Graduate students staged walkouts on dozens of campuses this week to
protest one Republican proposal that would increase their tax
burden. It would require graduate students to pay taxes on tuition
payments that are waived by their university as if it were income.
In other words, the students would be required to pay taxes on money
they never had to begin with.
Few of the Republican proposals to end deductions or tax credits
will yield a lot of money for a government that spends $4 trillion a
year. Ending alimony deductions, a benefit in the tax code since
1954, might raise $8.3 billion over 10 years, according to an
analysis by Congress's Joint Committee on Taxation.
No longer letting teachers write off $250 of what they shell out of
their own pocket for classroom supplies might yield $2.1 billion
over the same period, the committee says. The change affecting
adoption might bring in less than $50 million over the next decade.

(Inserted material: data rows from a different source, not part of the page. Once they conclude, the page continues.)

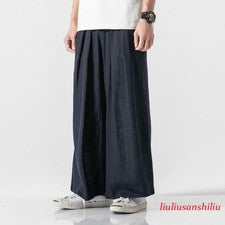 Hombres Verano Moda Informal Cómodo Algodón Lino Pierna Ancha Pantalones Sueltos Pantalones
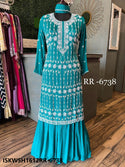 Embroidered Chinon Kurti With Sharara And Dupatta-ISKWSH1612RR-6738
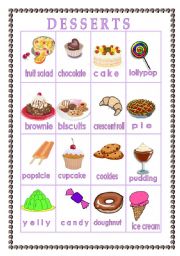 Desserts List Worksheets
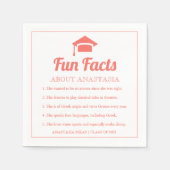 Coral Fun Facts class of 2022 graduation cap Serviette (Vorderseite)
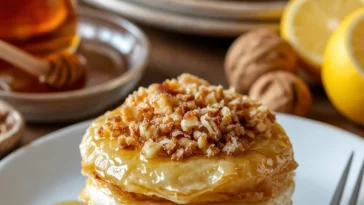 Dekadente Baklava Cheesecake mit Honig und phyllo Keksen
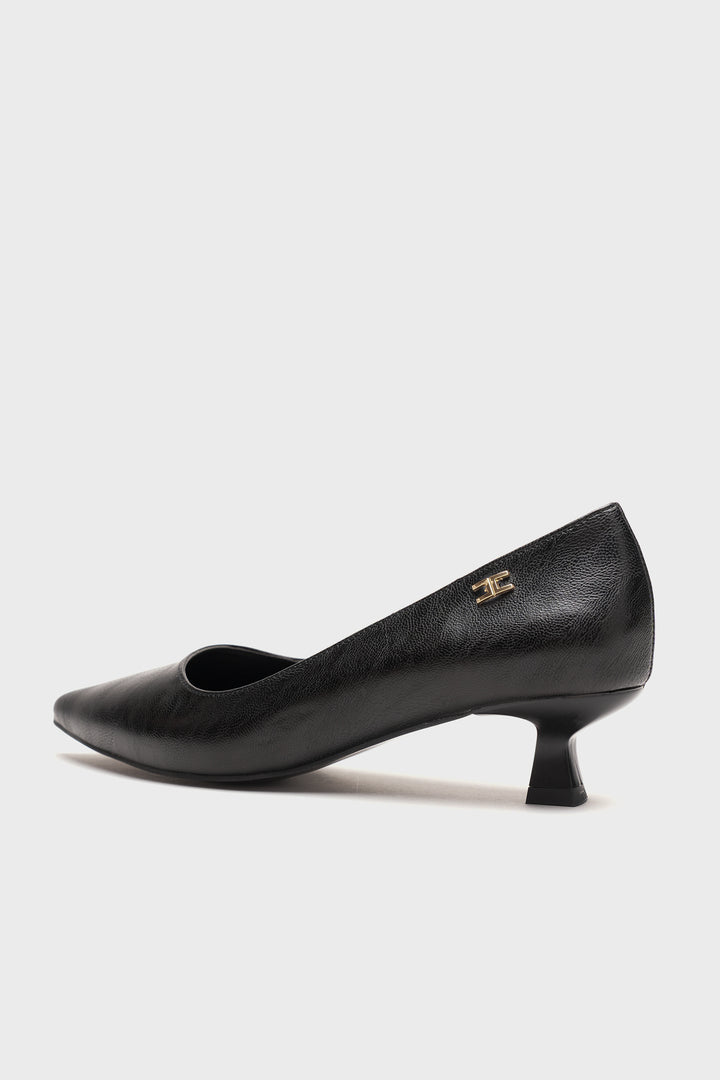DSM Doss Black Leather Low Heel Women's Pointed Toe Women's Shoe - Figueras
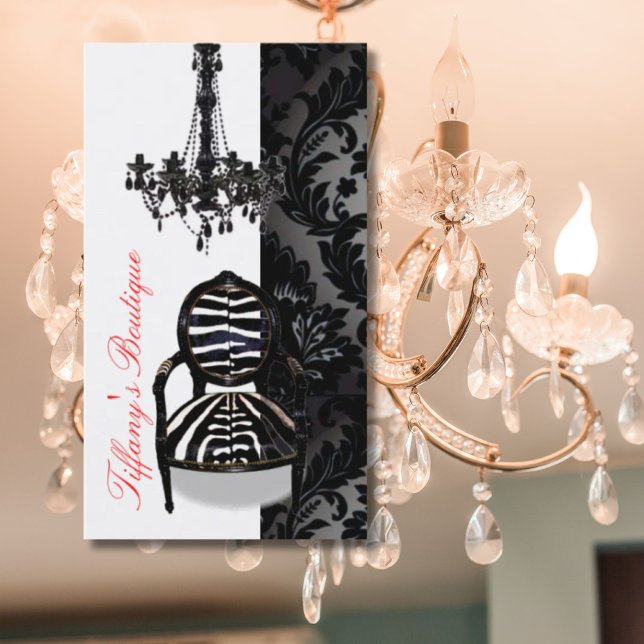 Tarjetas de visita vacacional de lujo (Luxury Vintage Chandelier Boutique Business Cards)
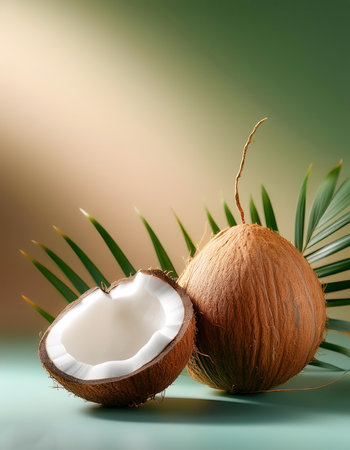 Coconut fruit, isolated on a pastel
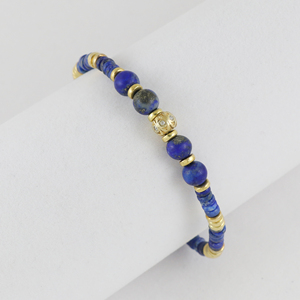 Bracelet à breloques en argent sterling plaqué or avec pierres de lapis-lazuli et de zircon, nouveau design, pour femmes - Cadeau de fiançailles - Product Image 2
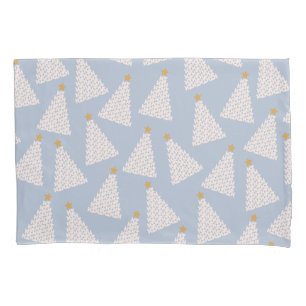 Christmas Tree Pattern Blue Pillowcase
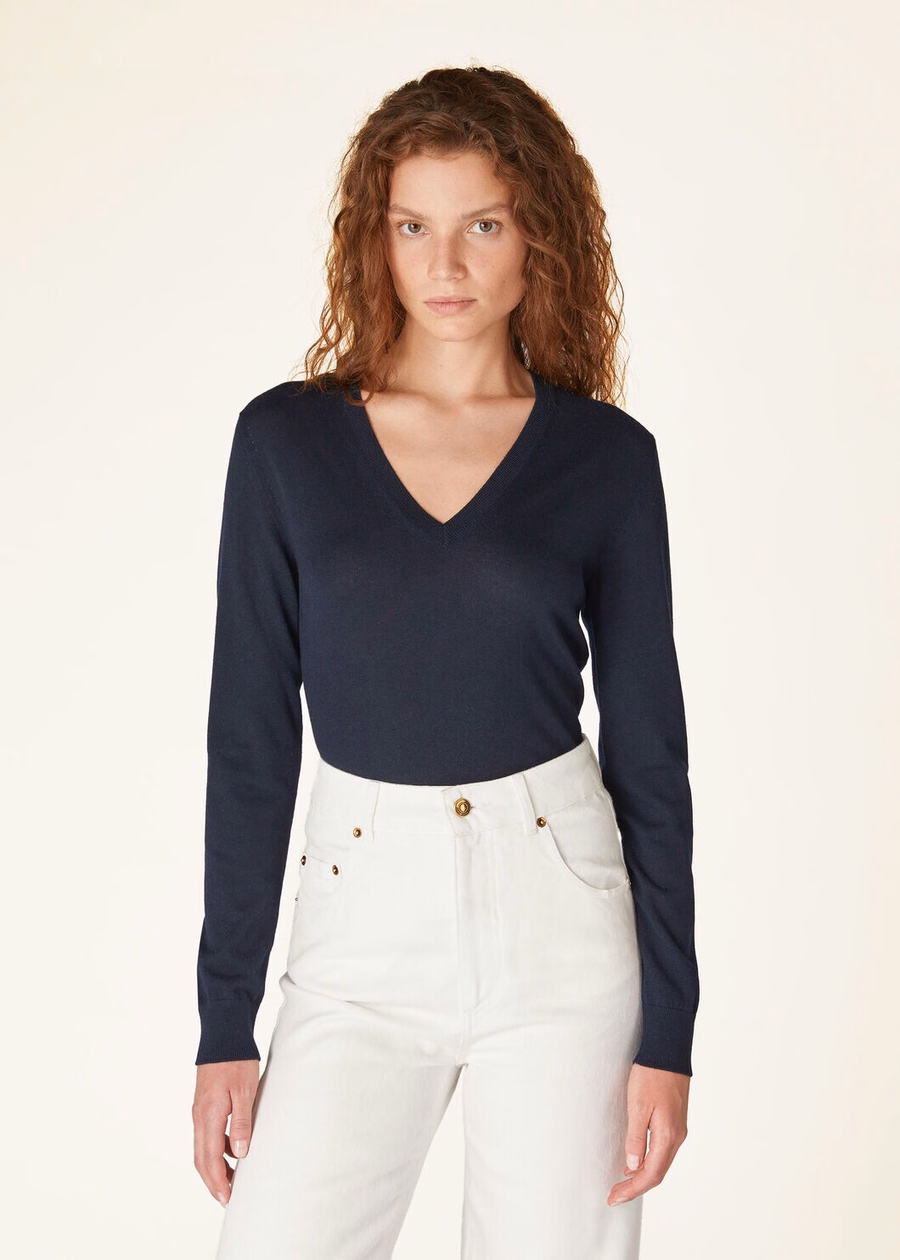 New Piuma V-Deck Cashmere Navy Blue
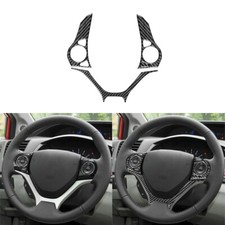 4pcs Carbon Fiber Interior Steering Wheel Panel Decal For Honda Civic 9th 13-15 4pcs Carbon Fiber Interior Steering Wheel Panel Decal For Honda Civic 9th 13-15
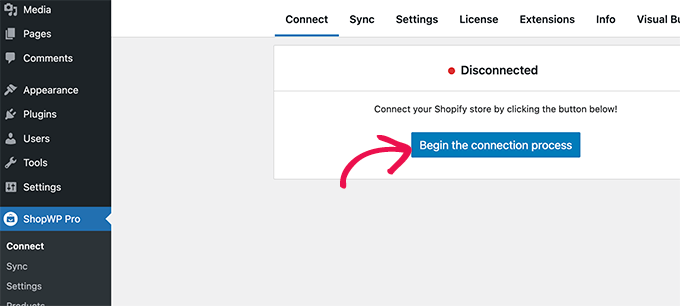 Start Shopify connection wizard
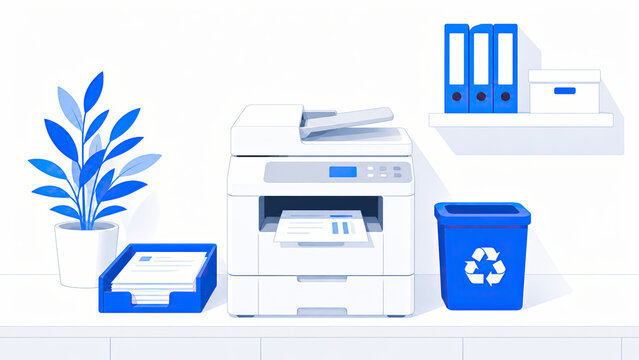 Office multifunction printer with paper output binders and recycle bin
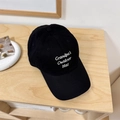 Classic black baseball cap with white Grandpa's Outdoor Hat embroidery on wood table - 56-58 Adjustable / Black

The committee did not break out what ending medical deductions would
yield.
Even though the stakes are high for them, advocates for people with
disabilities and chronic diseases say they lagged in fighting cuts
in medical expense deductibility, as well as other provisions that
give a tax break to companies that make handicap-accessible
structural changes and tax credits for business that people with
disabilities. The tax breaks were not explicitly for people with
disabilities, and the advocates had not expected they would be in
Congress's crosshairs.
These less-than-powerful voices may yet be heard as the Senate
prepares to vote on its bill this week. They may get another chance
when the House and Senate compromise on a single piece of
legislation to vote on and pass to Trump.